In response to Rufo’s post, Musk wrote cryptically, “There are known vulnerabilities with Signal that are not being addressed. Seems odd…”
There are known vulnerabilities with Signal that are not being addressed. Seems odd …
— Elon Musk (@elonmusk) May 6, 2024
Musk did not elaborate on the so-called vulnerabilities, but his post prompted a response from Meredith Whittaker, president of Signal, who elaborated on the app’s open-source code and the company’s commitment to user privacy, saying the app’s developers “put a lot of thought into making sure our structure and development practices let people validate our claims, instead of just taking our word for it.”
“We use cryptography to keep data out of the hands of everyone but those it’s meant for (this includes protecting it from us),” Whittaker wrote. “The Signal Protocol is the gold standard in the industry for a reason–it’s been hammered and attacked for over a decade, and it continues to stand the test of time.”
Hi, hello, we don’t have evidence of extant vulnerabilities, and haven’t been notified of anything. We follow responsible disclosure practices, and closely monitor [email protected] + respond & fix any valid issues quickly. So if you do have more info hit us up! But beyond… https://t.co/IbXREWVaPL
— Meredith Whittaker (@mer__edith) May 7, 2024
She added in another post that the point of how Signal is built and how the nonprofit company is structured is so that no one can disrupt its privacy-first mission, saying: “That’s our whole deal.”

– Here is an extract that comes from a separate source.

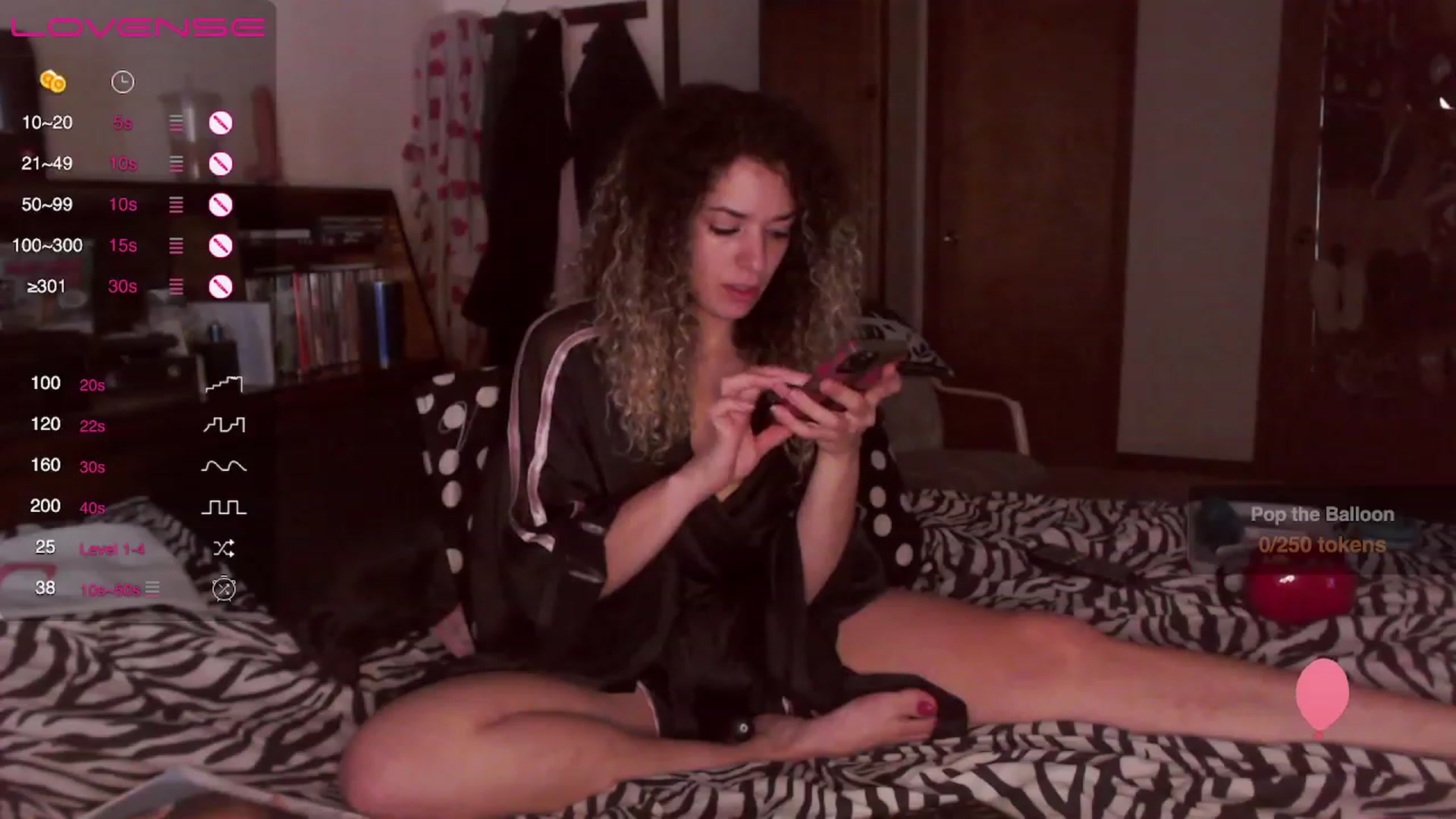 Gallery image thumbnail from XKushKittyX's myfreecams stream on, 12/21/2022, 20:53 image 3 of 20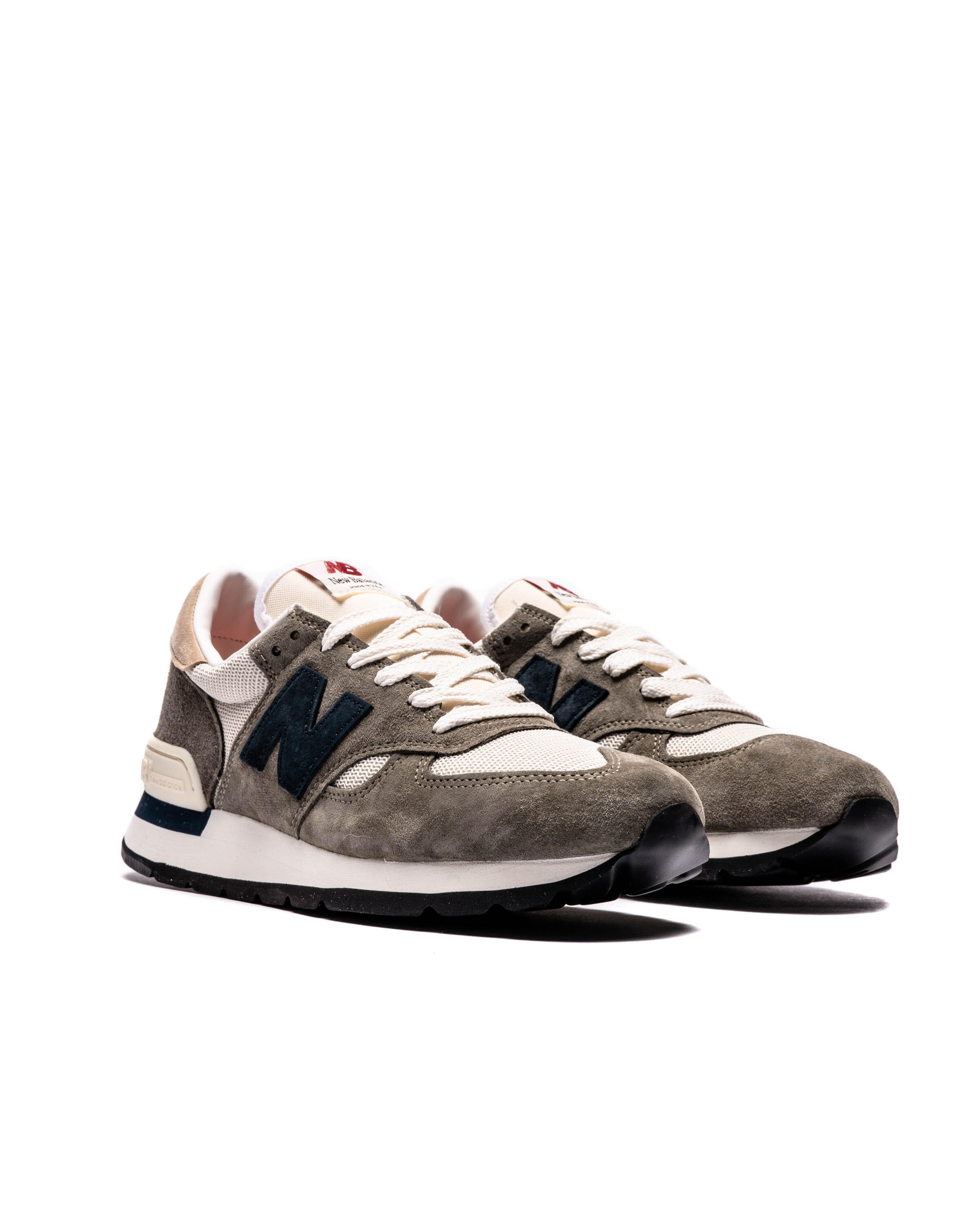 new-balance-m-990-wg1-grey-030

Musk didn’t respond to Whittaker, but when Jack Dorsey re-posted the same Rufo article, he wrote in a separate post that the allegations made in Rufo’s story were “concerning.”

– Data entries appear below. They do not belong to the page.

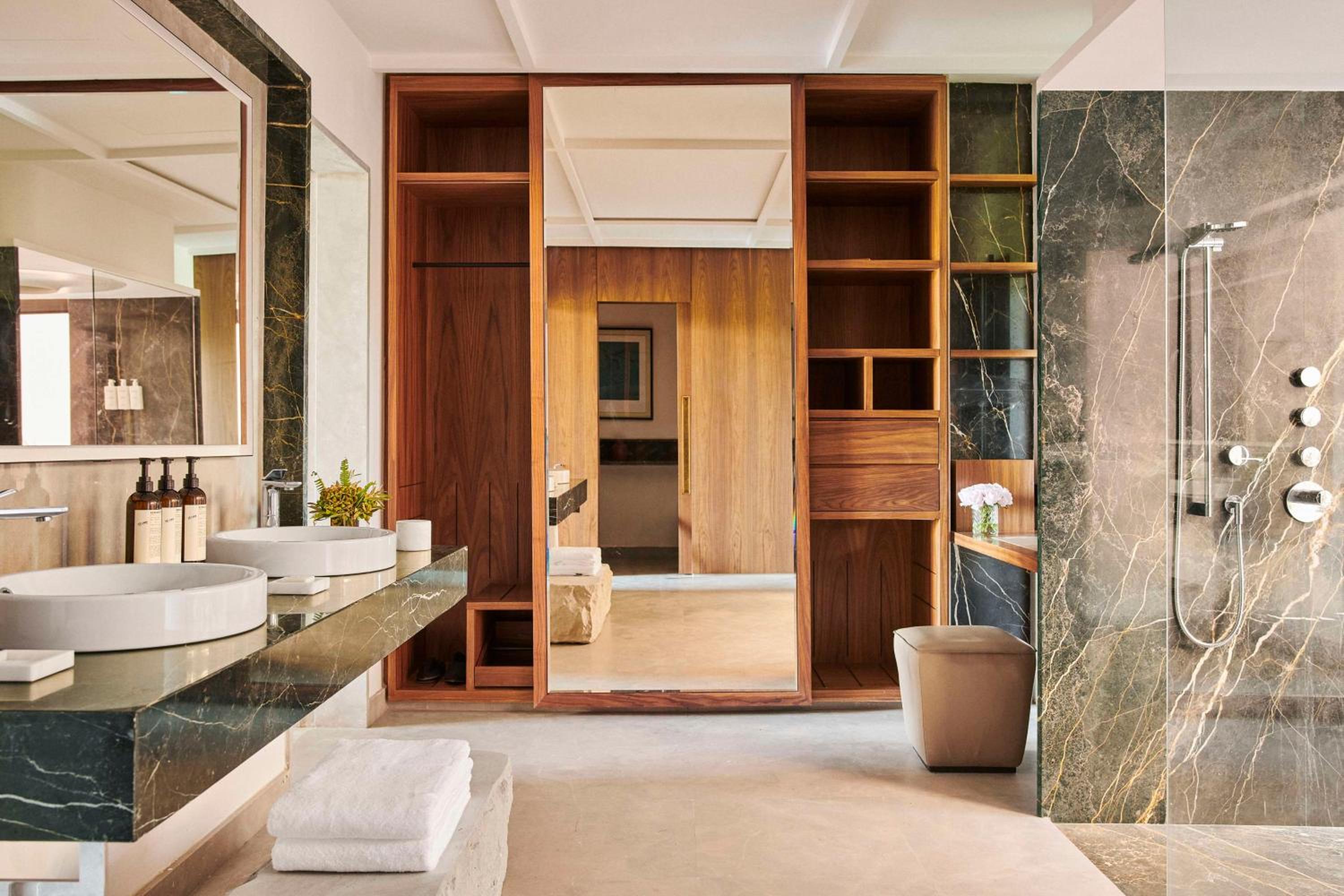 Park King Suite - Photo 2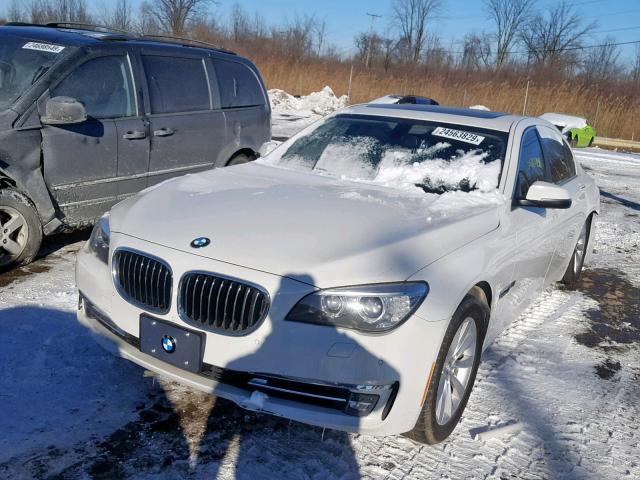 WBAYF4C59DD128023 - 2013 BMW 740 LXI WHITE photo 2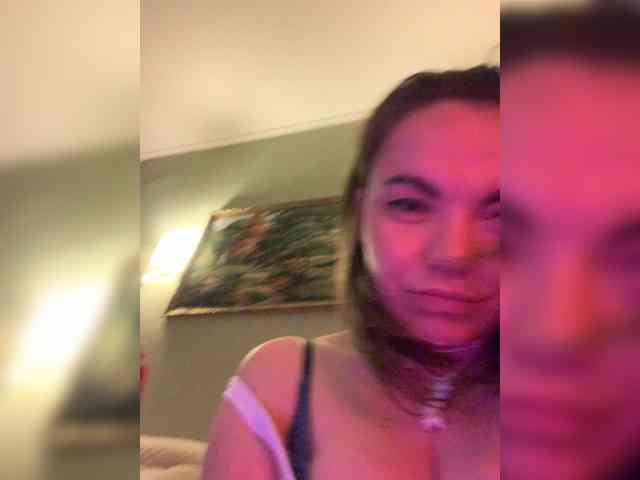 ElizavetaCream webcam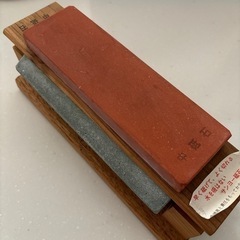 三面砥石荒砥・中砥・仕上げ砥石 台付き(包丁研ぎ 面直し 刃物 ...
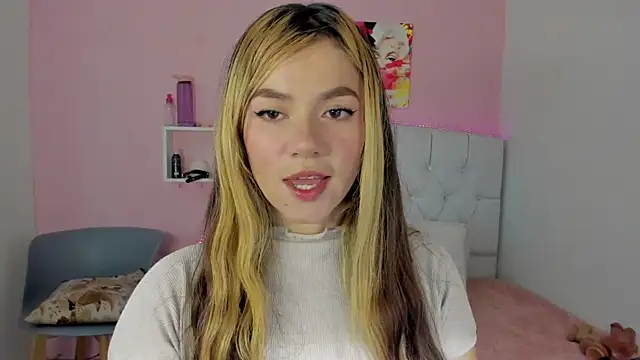 Snapshot of 18candys chatting on February 25, 2026, 10:41 pm 18candys online show from February 25, 2026, 10:41 pm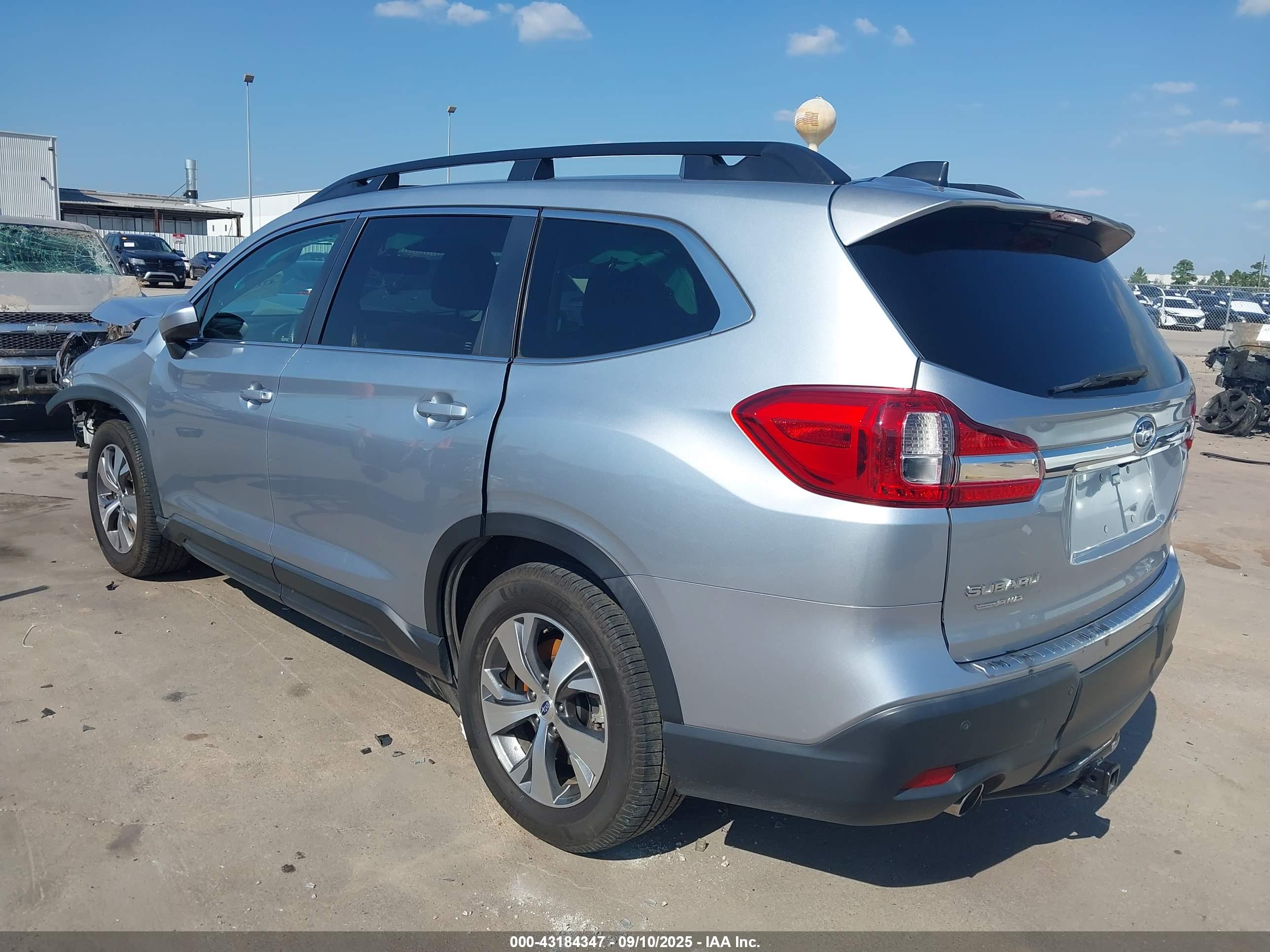 SUBARU ASCENT image 3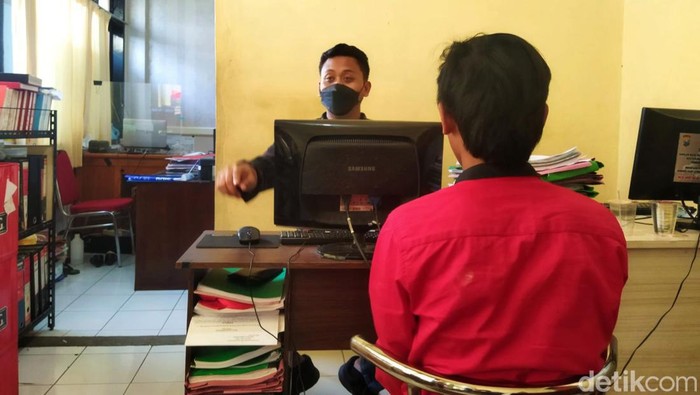 Polresta Banyuwangi memeriksa salah satu orang yang membawa pil trex saat patroli sahur.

A ‘campaign to malign Signal’
“Telegram has launched a pretty intense campaign to malign Signal as insecure, with assistance from Elon Musk,” Johns Hopkins cryptography professor Matthew Green wrote in response to the unfolding commentary about the apps: “The goal seems to be to get activists to switch away from encrypted Signal to mostly-unencrypted Telegram.”
Telegram has launched a pretty intense campaign to malign Signal as insecure, with assistance from Elon Musk. The goal seems to be to get activists to switch away from encrypted Signal to mostly-unencrypted Telegram. I want to talk about this a bit. 1/
— Matthew Green (@matthew_d_green) May 12, 2024
He added that promoting Telegram as more secure than Signal, as Durov has done, “is like promoting ketchup as better for your car than synthetic motor oil. Telegram isn’t a secure messenger, full stop.”

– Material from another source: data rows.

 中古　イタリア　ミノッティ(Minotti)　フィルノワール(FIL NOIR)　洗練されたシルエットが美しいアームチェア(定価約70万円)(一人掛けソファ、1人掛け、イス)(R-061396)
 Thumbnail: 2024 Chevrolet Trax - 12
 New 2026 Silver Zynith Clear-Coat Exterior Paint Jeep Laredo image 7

Green continued that he doesn’t care which messenger people use but wants people to “understand the stakes.”
Telegram by contrast does not end-to-end encrypt conversations by default. Unless you manually start an encrypted “Secret Chat”, all of your data is visible on the Telegram server. Given who uses Telegram, this server is probably a magnet for intelligence services. 3/
— Matthew Green (@matthew_d_green) May 12, 2024
“If you use Telegram, we experts cannot even begin to guarantee that your communications are confidential. In fact at this point I assume they are not, even in Secret Chats mode,” Green wrote. “You should do what you want with this information. Think about confidentiality matters. Think about where Telegram operates its servers and what government jurisdictions they work in. Decide if you care about this. Just don’t shoot your foot off because you’re uninformed.”
Green, as well as Musk, Signal, and Telegram representatives, did not immediately respond to requests for comment from Business Insider.